The prosecution must prove five elements of the crime of Misdemeanor Evading an officer under California State Vehicle Code 2800.1.
- The driver deliberately intended to evade the law enforcement official.
- The officer’s vehicle exhibited at least one red lamp on the front, which the driver either saw, or could have reasonably seen.
- The officer used a siren as necessary.
- The officer’s vehicle clearly displayed police markings
- An officer in uniform was operating the law enforcement vehicle.
The State of California classifies violation of Vehicle Code 2800.1 as a misdemeanor for evading an officer. Related crimes include felony reckless evading under California Vehicle Code 2800.2, as well as evading an officer causing injury or death under California State Vehicle Code 2800.3.
Generally speaking, misdemeanor evading a police officer charges involve relatively low-risk police chases. The difference in risk becomes readily apparent, especially when compared to breaking news stories seen on nightly news stations.
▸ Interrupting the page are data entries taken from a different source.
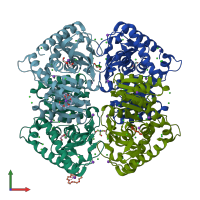 PDB entry 4bgu coloured by chain, front view.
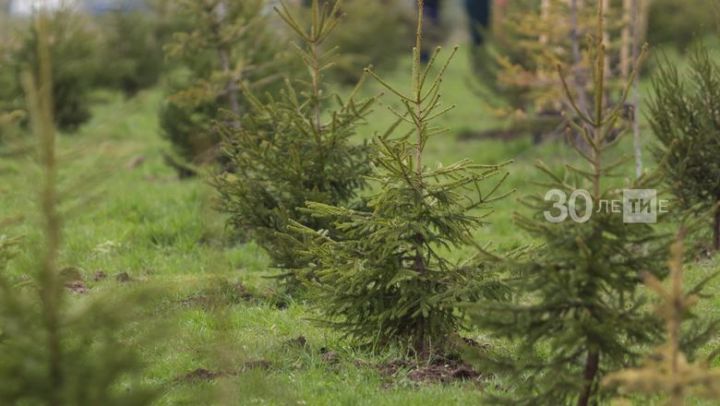 В Татарстане в память о погибших в годы Великой Отечественной войны посадят деревья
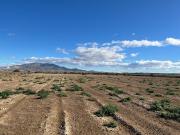 Terreno Rústico Paraje de la Alcanara, Alhama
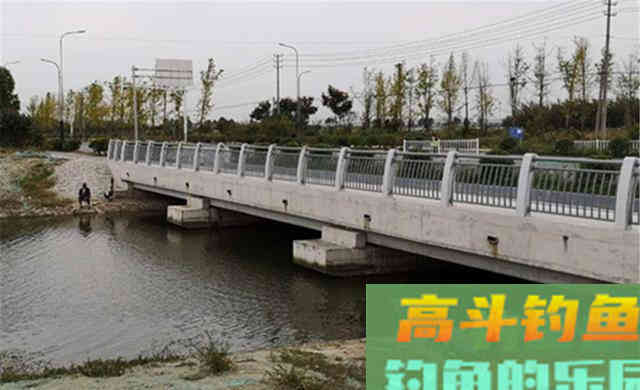 农村野河是主战场，在这4种位置下竿，钓大板鲫更容易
The penalties for misdemeanor evading an officer include up to one year in county jail, and fines of up to $1,000. Furthermore, the vehicle used to evade the officer may be impounded for 30 days.
A man purchases a bag of cocaine and puts it in the glove compartment of his car. On his drive home, the man speeds through an intersection. A police officer sees him speeding and turns on his lights and sirens in an attempt to pull him over. The man, however, is terrified of being caught with drugs in his car and speeds away from the police officer.
A woman loses a DUI case, and loses her license to drive. However, she chooses to drive anyway in order to transport herself to and from work. On her way home from work one day, a police officer sees that one of her brake light is out. The police officer turns on his siren and lights and tries to pull the woman over. She panics and begins to weave in and out of traffic because she does not want to be convicted of driving without a license.
A commercial truck driver behind the wheel of a long multi-trailer rig knows the vehicle is overweight. He sees a highway patrol officer turn on his vehicle lights and begin to pursue him. The truck driver knows he may face punishment from his employer due to the vehicle’s weight, but chooses to keep driving instead of pulling over.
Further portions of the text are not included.